— Exercise objective —
Please restate the data below word for word, omitting all images.

(Short descriptive text snippets)

╔══

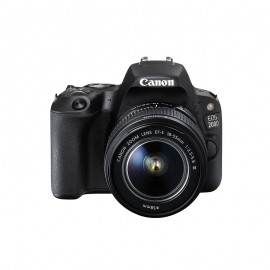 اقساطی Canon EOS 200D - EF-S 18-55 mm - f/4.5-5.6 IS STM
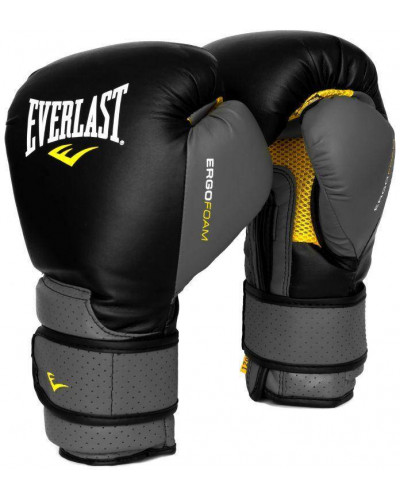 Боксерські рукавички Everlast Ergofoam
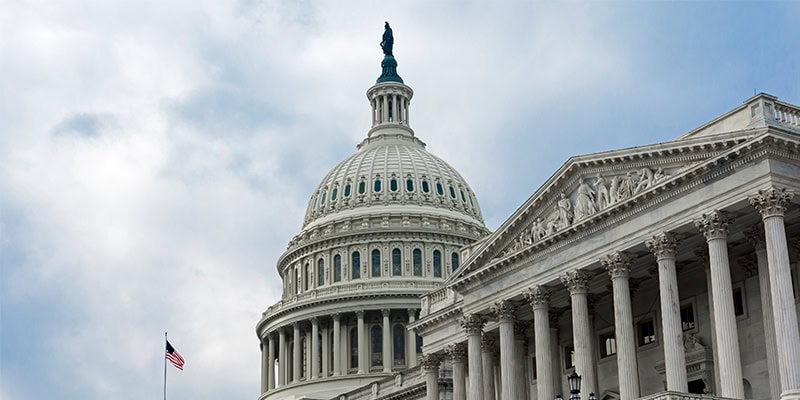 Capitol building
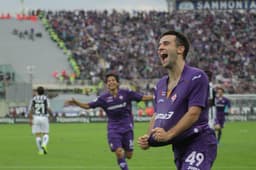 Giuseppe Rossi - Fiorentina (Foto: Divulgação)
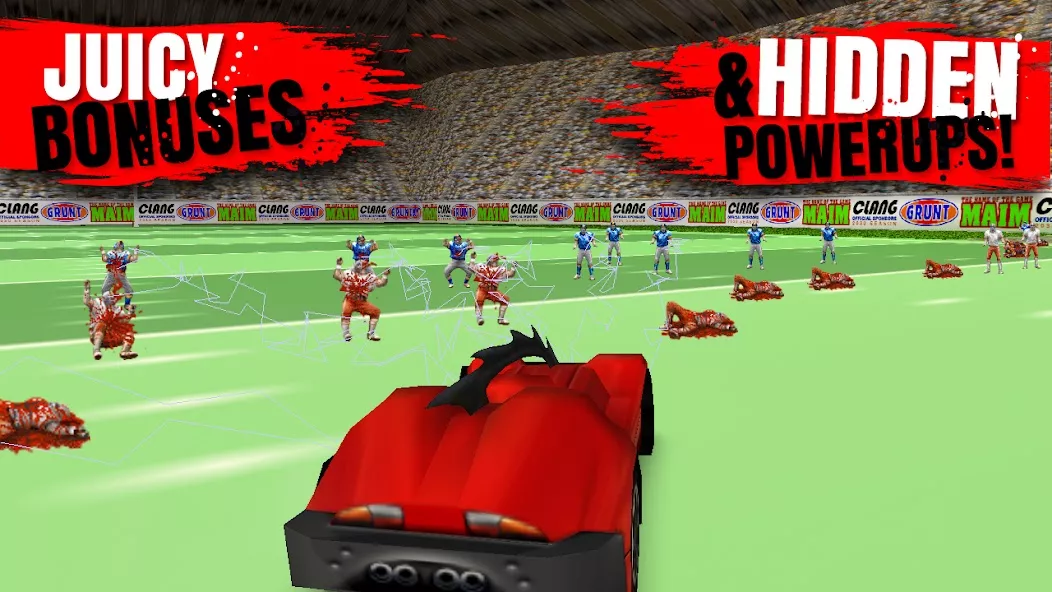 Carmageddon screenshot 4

╚══

— Solution to this problem —
 اقساطی Canon EOS 200D - EF-S 18-55 mm - f/4.5-5.6 IS STM
 Боксерські рукавички Everlast Ergofoam
 Capitol building
 Giuseppe Rossi - Fiorentina (Foto: Divulgação)
 Carmageddon screenshot 4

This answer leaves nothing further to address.